WHAT THE TASK REQUIRES: Once "NWT Everlane The" turns up in a line below, reproduce that line and those after it exactly, stopping after the line with "Gold Baby Boy Charm"; leave pictures out.

SUPPLIED MATERIAL:
○ ○ ○
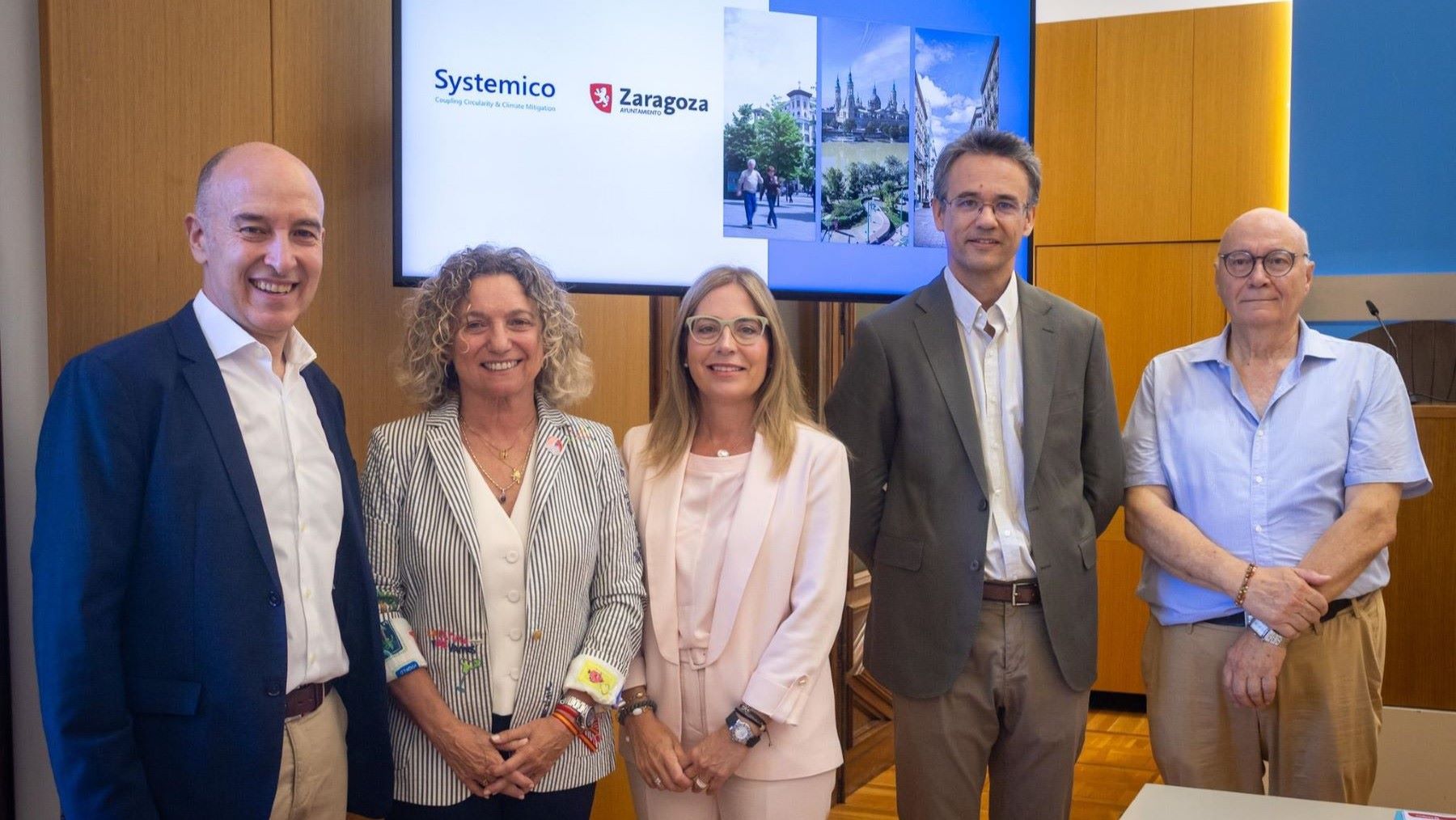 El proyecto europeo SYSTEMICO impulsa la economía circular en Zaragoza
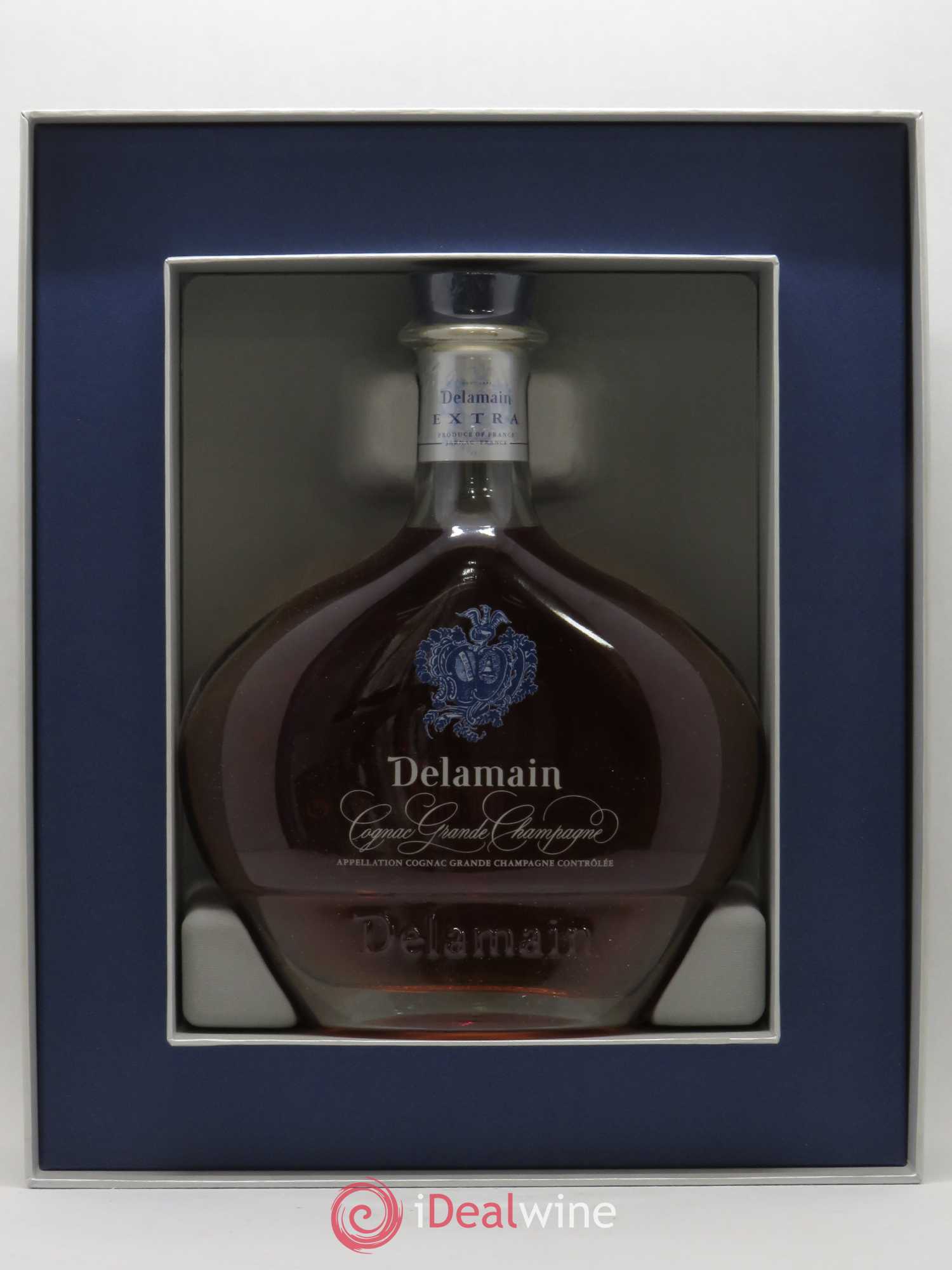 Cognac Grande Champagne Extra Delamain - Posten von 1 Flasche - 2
○ ○ ○
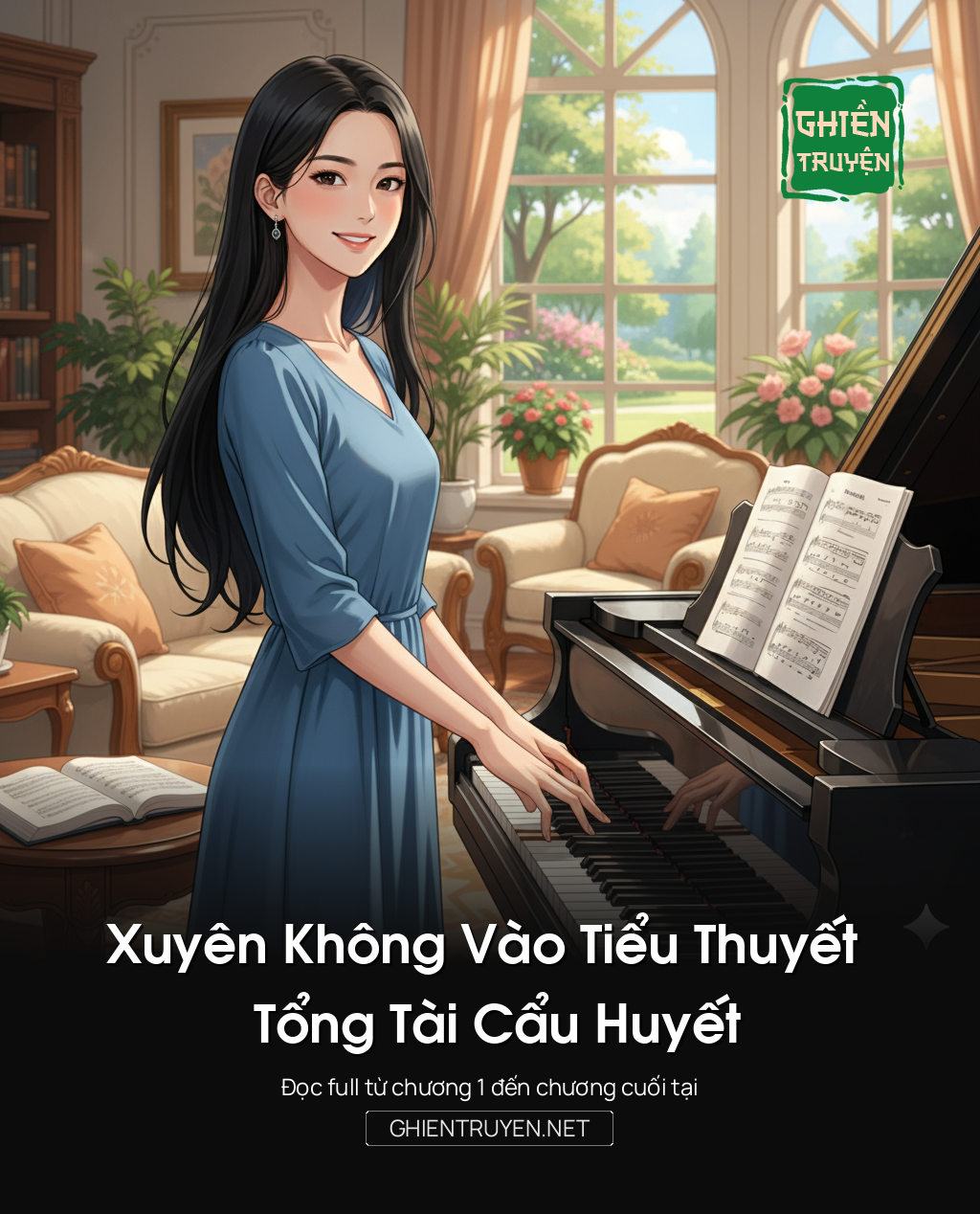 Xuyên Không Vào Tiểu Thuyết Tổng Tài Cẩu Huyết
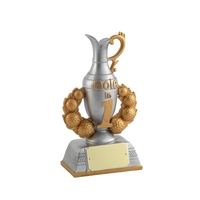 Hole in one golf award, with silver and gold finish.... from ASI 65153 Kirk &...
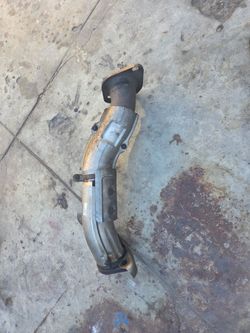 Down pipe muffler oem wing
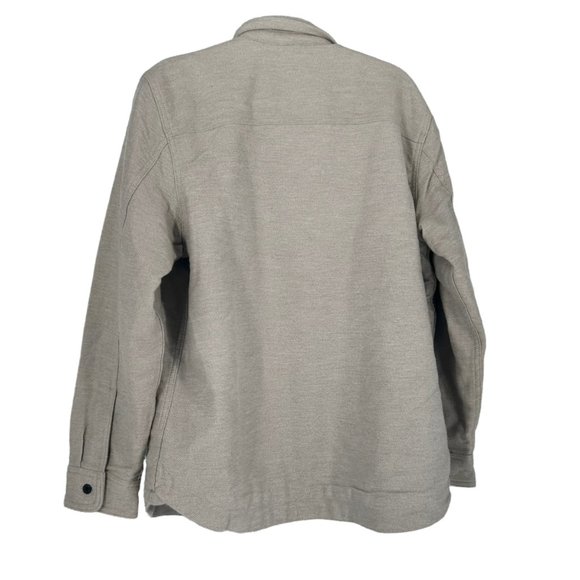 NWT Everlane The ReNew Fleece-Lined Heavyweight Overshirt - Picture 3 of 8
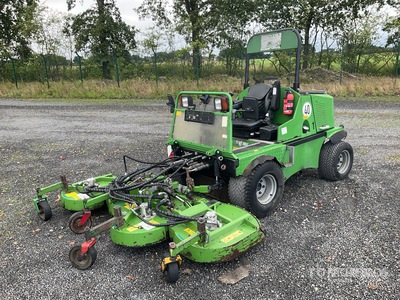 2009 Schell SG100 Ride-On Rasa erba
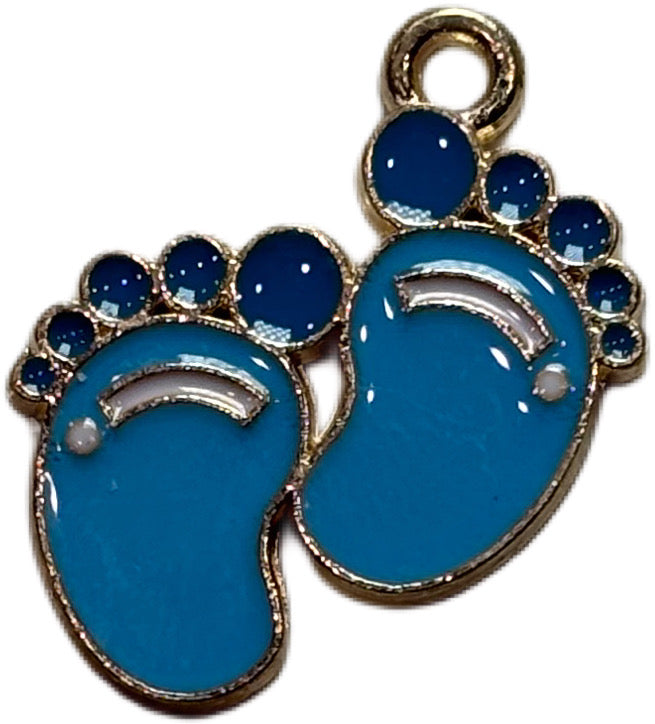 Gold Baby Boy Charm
○ ○ ○
PROBLEM SOLUTION:
 NWT Everlane The ReNew Fleece-Lined Heavyweight Overshirt - Picture 3 of 8
 2009 Schell SG100 Ride-On Rasa erba
 Gold Baby Boy Charm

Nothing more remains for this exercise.